_What is required_
In the data below, find the line containing "teefury's tweet photo."; transcribe it and each line after it exactly, through the last, skipping pictures.

_Provided records_
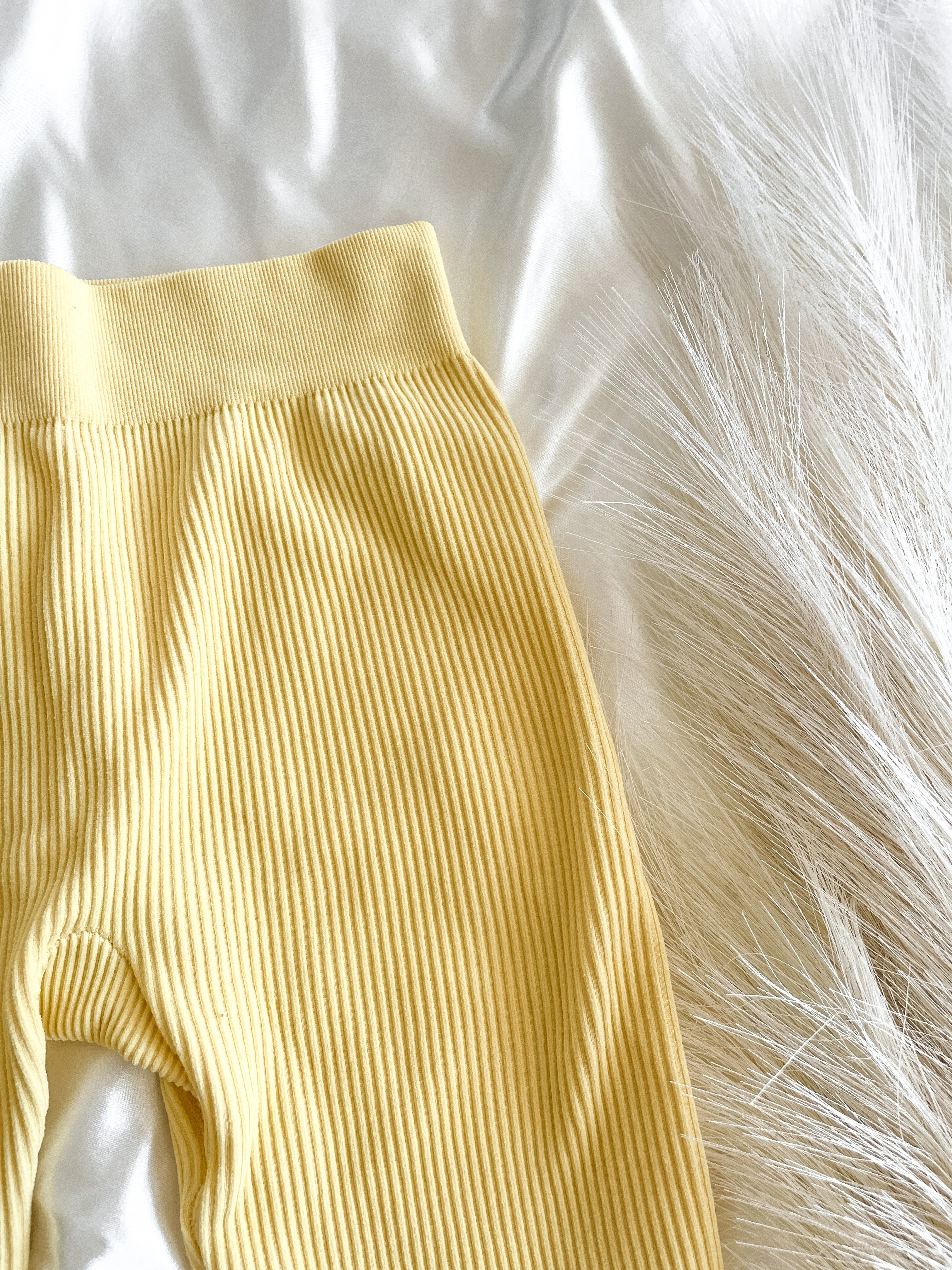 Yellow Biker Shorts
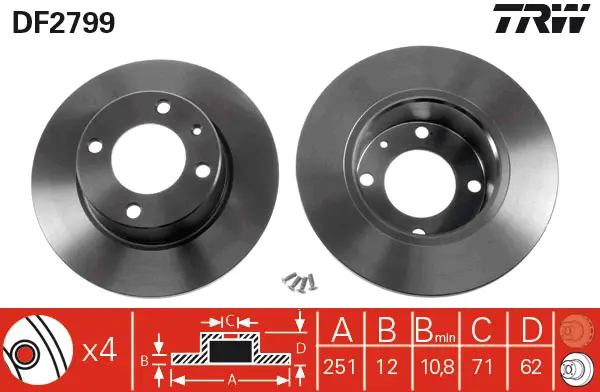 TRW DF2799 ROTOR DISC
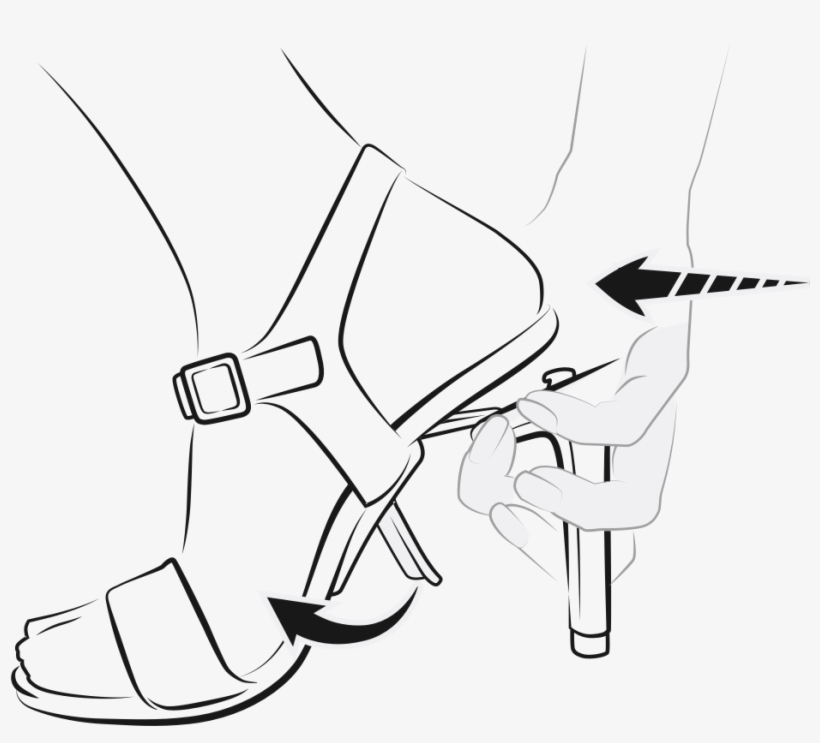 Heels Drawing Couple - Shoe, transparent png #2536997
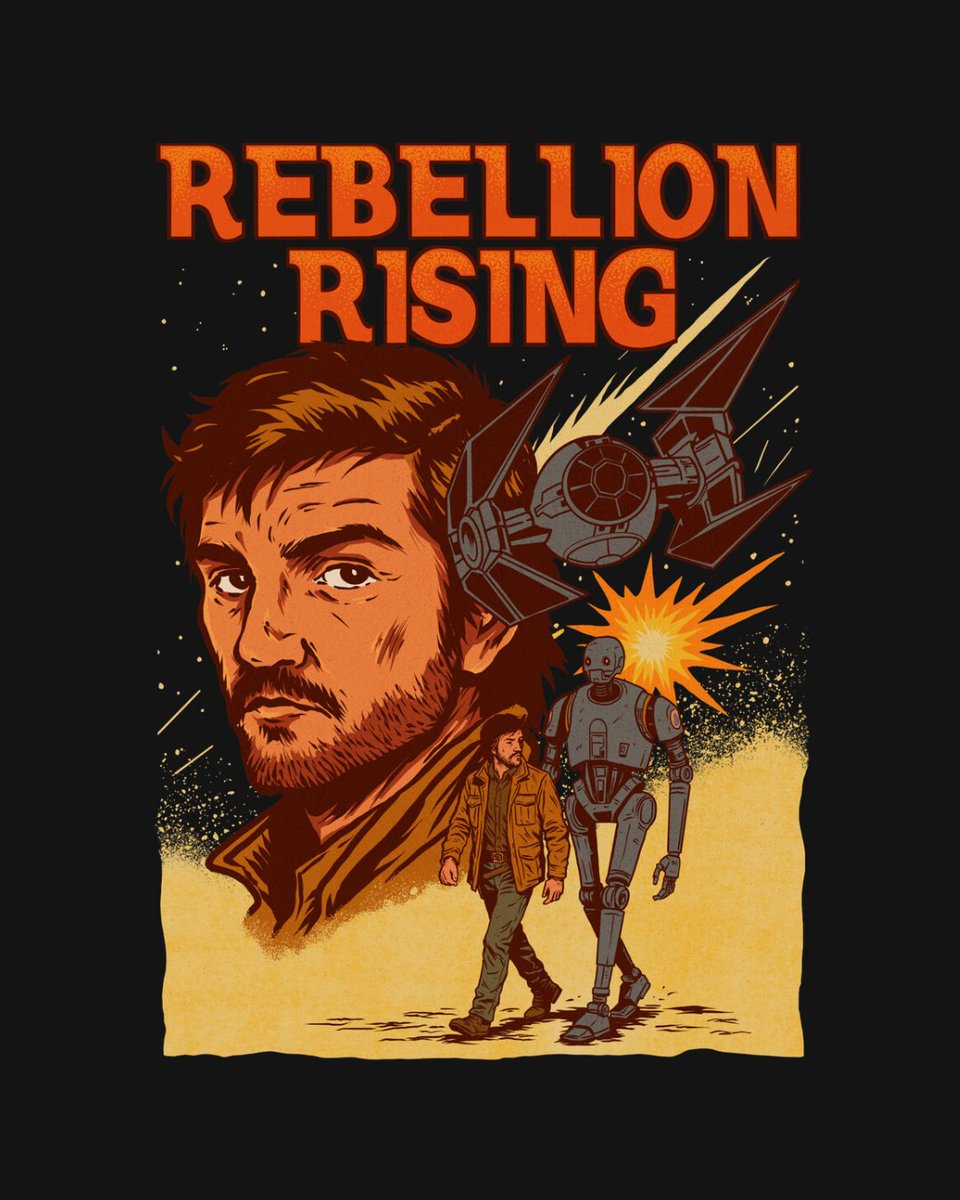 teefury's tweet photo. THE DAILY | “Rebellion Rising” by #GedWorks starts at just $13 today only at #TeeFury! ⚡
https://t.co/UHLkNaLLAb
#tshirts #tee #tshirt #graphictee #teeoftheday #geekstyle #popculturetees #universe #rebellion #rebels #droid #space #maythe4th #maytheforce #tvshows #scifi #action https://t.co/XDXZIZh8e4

_Task output_
 teefury's tweet photo. THE DAILY | “Rebellion Rising” by #GedWorks starts at just $13 today only at #TeeFury! ⚡
https://t.co/UHLkNaLLAb
#tshirts #tee #tshirt #graphictee #teeoftheday #geekstyle #popculturetees #universe #rebellion #rebels #droid #space #maythe4th #maytheforce #tvshows #scifi #action https://t.co/XDXZIZh8e4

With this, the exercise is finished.